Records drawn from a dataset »
==============================

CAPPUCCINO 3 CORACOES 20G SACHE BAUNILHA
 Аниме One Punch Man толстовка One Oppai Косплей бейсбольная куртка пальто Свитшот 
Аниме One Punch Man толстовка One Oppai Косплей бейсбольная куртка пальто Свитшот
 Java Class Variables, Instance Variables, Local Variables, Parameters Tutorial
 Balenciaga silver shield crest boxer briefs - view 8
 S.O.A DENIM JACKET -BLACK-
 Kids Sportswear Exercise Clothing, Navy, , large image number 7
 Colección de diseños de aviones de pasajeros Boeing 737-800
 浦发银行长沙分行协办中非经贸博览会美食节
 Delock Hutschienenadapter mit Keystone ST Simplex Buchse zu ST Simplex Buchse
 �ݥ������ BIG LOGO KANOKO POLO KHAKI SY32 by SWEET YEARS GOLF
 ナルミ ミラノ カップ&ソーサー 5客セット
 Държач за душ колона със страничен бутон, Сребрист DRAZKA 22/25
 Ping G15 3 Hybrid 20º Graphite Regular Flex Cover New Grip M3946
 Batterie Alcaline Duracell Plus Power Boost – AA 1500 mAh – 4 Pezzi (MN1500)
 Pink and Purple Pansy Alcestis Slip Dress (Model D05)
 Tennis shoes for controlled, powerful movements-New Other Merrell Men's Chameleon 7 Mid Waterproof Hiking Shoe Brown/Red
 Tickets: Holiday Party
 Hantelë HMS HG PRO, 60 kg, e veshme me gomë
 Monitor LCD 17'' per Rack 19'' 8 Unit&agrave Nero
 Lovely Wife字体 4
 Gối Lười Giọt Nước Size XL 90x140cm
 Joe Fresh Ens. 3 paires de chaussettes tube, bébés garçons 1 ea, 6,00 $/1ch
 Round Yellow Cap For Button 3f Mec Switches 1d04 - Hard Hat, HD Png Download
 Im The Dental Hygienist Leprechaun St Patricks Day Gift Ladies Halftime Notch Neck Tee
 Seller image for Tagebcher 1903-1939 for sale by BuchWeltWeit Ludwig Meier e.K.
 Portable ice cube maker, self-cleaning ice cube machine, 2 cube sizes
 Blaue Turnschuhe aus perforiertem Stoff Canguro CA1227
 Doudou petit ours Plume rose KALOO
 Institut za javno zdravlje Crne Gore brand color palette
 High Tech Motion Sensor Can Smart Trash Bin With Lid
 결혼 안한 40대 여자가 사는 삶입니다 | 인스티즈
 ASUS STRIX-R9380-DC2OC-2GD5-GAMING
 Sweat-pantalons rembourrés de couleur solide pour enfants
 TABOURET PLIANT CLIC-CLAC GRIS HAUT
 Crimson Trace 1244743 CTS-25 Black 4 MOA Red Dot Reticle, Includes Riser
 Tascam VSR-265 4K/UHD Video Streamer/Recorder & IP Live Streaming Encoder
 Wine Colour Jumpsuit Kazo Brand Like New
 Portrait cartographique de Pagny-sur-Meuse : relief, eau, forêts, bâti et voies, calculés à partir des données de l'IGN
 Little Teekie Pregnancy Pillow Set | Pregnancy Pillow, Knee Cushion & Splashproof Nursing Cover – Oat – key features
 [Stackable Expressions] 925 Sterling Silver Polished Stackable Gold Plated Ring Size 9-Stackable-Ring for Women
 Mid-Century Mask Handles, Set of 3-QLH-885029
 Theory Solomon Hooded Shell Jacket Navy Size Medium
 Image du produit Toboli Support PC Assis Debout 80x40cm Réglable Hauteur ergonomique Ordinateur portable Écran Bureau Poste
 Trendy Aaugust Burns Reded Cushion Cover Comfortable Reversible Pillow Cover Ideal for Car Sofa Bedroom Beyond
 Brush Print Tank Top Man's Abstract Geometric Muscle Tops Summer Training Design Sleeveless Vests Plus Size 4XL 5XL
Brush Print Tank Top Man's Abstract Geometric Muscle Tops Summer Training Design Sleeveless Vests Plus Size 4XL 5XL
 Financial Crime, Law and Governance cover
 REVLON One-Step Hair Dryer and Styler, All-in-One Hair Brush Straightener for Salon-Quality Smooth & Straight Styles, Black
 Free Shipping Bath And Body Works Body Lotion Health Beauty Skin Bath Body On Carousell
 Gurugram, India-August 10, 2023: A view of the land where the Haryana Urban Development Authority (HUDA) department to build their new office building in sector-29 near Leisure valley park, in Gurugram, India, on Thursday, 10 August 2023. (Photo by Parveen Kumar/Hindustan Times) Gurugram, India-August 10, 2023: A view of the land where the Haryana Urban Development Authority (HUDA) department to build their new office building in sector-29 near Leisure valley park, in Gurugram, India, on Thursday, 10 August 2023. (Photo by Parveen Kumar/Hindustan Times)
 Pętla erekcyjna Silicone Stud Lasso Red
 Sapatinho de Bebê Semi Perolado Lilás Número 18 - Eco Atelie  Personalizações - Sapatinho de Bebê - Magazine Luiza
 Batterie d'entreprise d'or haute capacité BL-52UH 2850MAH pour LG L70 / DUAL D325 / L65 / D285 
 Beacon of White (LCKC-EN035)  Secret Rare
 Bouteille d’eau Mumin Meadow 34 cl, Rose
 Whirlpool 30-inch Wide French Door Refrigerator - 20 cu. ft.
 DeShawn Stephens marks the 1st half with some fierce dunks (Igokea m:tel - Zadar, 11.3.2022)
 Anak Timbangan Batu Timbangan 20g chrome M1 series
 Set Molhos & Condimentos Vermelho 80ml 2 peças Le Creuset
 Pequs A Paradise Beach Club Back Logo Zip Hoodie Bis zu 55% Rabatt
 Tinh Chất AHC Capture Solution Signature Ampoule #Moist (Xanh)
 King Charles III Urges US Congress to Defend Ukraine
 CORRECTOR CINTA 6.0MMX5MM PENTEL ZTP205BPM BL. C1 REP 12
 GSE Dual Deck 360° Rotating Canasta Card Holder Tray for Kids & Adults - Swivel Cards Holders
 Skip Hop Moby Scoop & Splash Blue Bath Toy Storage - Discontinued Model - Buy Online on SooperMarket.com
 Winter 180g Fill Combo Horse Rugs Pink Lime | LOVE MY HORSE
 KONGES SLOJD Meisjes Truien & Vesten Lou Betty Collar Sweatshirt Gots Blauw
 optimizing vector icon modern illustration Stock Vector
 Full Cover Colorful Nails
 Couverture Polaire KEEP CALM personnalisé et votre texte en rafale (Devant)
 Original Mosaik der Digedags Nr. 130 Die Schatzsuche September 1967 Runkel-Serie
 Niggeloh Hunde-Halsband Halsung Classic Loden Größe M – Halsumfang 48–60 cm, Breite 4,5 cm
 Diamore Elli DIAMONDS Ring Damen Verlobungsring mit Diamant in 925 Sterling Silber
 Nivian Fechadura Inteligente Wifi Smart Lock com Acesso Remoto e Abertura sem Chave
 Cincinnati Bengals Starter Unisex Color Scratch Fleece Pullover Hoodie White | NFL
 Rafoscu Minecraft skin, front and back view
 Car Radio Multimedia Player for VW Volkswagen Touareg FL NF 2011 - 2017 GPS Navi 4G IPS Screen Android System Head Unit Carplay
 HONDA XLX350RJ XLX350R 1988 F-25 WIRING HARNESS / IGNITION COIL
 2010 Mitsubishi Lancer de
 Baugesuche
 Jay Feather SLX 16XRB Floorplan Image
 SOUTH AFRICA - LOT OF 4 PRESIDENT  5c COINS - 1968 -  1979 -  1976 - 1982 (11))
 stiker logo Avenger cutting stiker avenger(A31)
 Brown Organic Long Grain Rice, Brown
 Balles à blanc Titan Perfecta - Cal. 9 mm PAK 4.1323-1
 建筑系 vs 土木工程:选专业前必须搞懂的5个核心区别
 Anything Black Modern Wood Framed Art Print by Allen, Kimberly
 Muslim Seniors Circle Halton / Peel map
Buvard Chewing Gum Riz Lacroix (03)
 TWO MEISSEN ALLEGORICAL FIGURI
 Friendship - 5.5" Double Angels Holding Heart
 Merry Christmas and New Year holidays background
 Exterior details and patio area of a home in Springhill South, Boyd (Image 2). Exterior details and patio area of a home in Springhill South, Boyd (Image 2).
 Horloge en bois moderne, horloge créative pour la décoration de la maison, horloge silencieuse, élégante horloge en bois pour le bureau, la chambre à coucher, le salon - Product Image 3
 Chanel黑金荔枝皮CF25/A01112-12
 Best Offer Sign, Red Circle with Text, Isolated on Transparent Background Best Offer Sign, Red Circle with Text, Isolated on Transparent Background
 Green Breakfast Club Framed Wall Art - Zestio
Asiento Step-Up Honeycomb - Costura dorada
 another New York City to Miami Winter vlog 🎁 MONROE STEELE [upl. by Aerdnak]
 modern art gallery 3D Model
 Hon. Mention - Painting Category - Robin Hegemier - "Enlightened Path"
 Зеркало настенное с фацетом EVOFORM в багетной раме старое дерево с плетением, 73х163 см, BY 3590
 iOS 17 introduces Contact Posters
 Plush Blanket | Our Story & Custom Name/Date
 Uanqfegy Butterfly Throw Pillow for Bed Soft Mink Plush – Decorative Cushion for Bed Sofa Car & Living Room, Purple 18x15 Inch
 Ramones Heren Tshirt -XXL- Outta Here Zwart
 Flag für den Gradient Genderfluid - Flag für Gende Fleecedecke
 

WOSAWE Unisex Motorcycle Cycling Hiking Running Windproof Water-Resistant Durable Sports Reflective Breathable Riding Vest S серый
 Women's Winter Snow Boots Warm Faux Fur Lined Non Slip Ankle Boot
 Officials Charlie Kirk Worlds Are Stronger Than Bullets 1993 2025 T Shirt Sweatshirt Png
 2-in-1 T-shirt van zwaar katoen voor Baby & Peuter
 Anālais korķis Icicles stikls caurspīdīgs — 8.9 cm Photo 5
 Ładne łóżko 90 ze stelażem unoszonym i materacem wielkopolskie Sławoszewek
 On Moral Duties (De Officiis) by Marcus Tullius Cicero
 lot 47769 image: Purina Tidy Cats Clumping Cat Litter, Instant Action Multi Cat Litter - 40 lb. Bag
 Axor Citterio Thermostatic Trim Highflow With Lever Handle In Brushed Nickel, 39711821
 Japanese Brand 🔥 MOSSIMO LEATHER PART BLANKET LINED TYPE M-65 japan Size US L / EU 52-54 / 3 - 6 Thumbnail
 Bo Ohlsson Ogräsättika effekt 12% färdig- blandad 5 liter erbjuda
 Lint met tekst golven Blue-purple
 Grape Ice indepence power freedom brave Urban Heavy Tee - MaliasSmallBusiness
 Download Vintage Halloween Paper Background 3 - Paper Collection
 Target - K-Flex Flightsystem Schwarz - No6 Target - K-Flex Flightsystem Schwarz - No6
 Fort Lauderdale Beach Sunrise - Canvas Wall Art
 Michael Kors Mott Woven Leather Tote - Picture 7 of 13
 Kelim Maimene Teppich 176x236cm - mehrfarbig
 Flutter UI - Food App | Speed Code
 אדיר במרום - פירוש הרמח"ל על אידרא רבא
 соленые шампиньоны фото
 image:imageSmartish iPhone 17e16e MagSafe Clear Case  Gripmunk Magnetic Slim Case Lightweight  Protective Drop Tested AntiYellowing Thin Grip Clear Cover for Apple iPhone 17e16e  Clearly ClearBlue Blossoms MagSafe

==============================

Instructions for the task » Which lines above contain the word "Photo"? Copy all of them.

Worked solution »
 Gurugram, India-August 10, 2023: A view of the land where the Haryana Urban Development Authority (HUDA) department to build their new office building in sector-29 near Leisure valley park, in Gurugram, India, on Thursday, 10 August 2023. (Photo by Parveen Kumar/Hindustan Times) Gurugram, India-August 10, 2023: A view of the land where the Haryana Urban Development Authority (HUDA) department to build their new office building in sector-29 near Leisure valley park, in Gurugram, India, on Thursday, 10 August 2023. (Photo by Parveen Kumar/Hindustan Times)
 Anālais korķis Icicles stikls caurspīdīgs — 8.9 cm Photo 5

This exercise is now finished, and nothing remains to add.